UPDATE 2: For some other god forsaken reason in Release mode : after rendering my entire scene + animated model performance is at steady 1 MS (in my engine that is) - big improvement indeed. If i try to render my scene + 110-120 Animated Models i get about 17-18 MS.
Still am sure that i can pull out even more performance out of this


PS: Just want to ask Question and straight this up in my head, please forgive my Ignorance:
So far i have seen two methods to implement skinning
- Quaternions
- Matrices
My Questions is:
1.Is it a good practice (or possible at all) to upload all the information to the shader and make ALL calculations ONLY there? 2.Since OGL dev's tutorial does a lot of CPU math before he uploads to the shader , is it okay if i move most of this to shader or thats not how its done ?
3. Same Question applies for Quaternions. Can't i just upload all static data and calculate what ever needed in the shader or this will lead to unwanted CPU->GPU transfer of huge data? (now i am uploading ~72 matrices every frame to the shader needed for the skinning technique)
Just for some reason i want to avoid having calculations connected with animation on the CPU

Dark Photon
04-28-2015, 07:29 AM
So far i have seen two methods to implement skinning
- Quaternions
- Matrices

My Questions is:


Is it a good practice (or possible at all) to upload all the information to the shader and make ALL calculations ONLY there?
Since OGL dev's tutorial does a lot of CPU math before he uploads to the shader , is it okay if i move most of this to shader or thats not how its done ?
Same Question applies for Quaternions. Can't i just upload all static data and calculate what ever needed in the shader or this will lead to unwanted CPU->GPU transfer of huge data? (now i am uploading ~72 matrices every frame to the shader needed for the skinning technique)
Just for some reason i want to avoid having calculations connected with animation on the CPU



Re #1 and #2, if you need more performance (lower time consumption per frame so you can fit more content in), you do whatever you need to to optimize your bottleneck. If you're CPU bound, then you look at decreasing your CPU consumption by offloading calculations to the GPU. And it's definitely practical (and possible) as I've done it.

Re 3, yes. Same question AFAICT. Further, matrix uploads are 12 floats per element, whereas Quaternion-Translation is 7 floats and Dual Quaternion is 8 floats. So you save with the latter two. But in this case, you're only uploading in prep/setup, so the upload cost is less of an issue. However, smaller size per element nets you better texture cache coherency on the GPU, which affects run-time performance when you're sampling and interpolating transforms on the GPU.

Asmodeus
04-28-2015, 11:05 AM
Very nice thanks i will try my best and see what comes out.
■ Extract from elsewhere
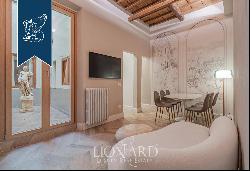 Rrefined apartment with small courtyard for sale in Florence's San Lorenzo district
I was wondering if someone knows how to load multiple animations for md5 models from assimp. So far i am able to only load one animation only if the mesh name matches the animation name. I had a look at the folder /code in assimp there i found a simple md5 importer and i inspected the source and from it i clearly see that LoadAnim method loads 1 animation with the same name as the mesh

IonutCava
04-28-2015, 12:13 PM
If it helps, I just preload all of them when I load my models. I'm using a convention of "one assimp scene <-> one model (with multiple meshes)" so all of the animations belong to a single model anyway:

for (size_t i = 0; i < scene->mNumAnimations; ++i) {
if (scene->mAnimations[i]->mDuration > 0.0f) {
// add the animations
_animations.push_back(AnimEvaluator(scene->mAnimations[i]));
}
}

Asmodeus
04-28-2015, 01:55 PM
Are you sure you are talking about ms5 models ? Because i can not load more than one animation. Num animations is only 1 always

Alfonse Reinheart
04-28-2015, 01:59 PM
Are you certain the file has more than one animation?

Asmodeus
04-28-2015, 02:03 PM
I am using doom 3 models as samples . As far as i know md5 does not have any context in the .md5mesh specifying names of animations (similar to how obj has mtl file specified) or does it have . I am not certain here
Ps: how would you specify that model yo use multiple animations . Md5 documentations are somehow poor and assimp's documentation on md5 isnt any better

IonutCava
04-28-2015, 03:00 PM
After looking at assimp's documentation, it's coded to only load one XYZ.md5anim file corresponding to the XYZ.md5mesh file. However, nothing's stopping you from manually loading all of the animation files yourself.
Use the importer to manually import each md5anim file and extract the animations from the returned aiScene pointer. Should work.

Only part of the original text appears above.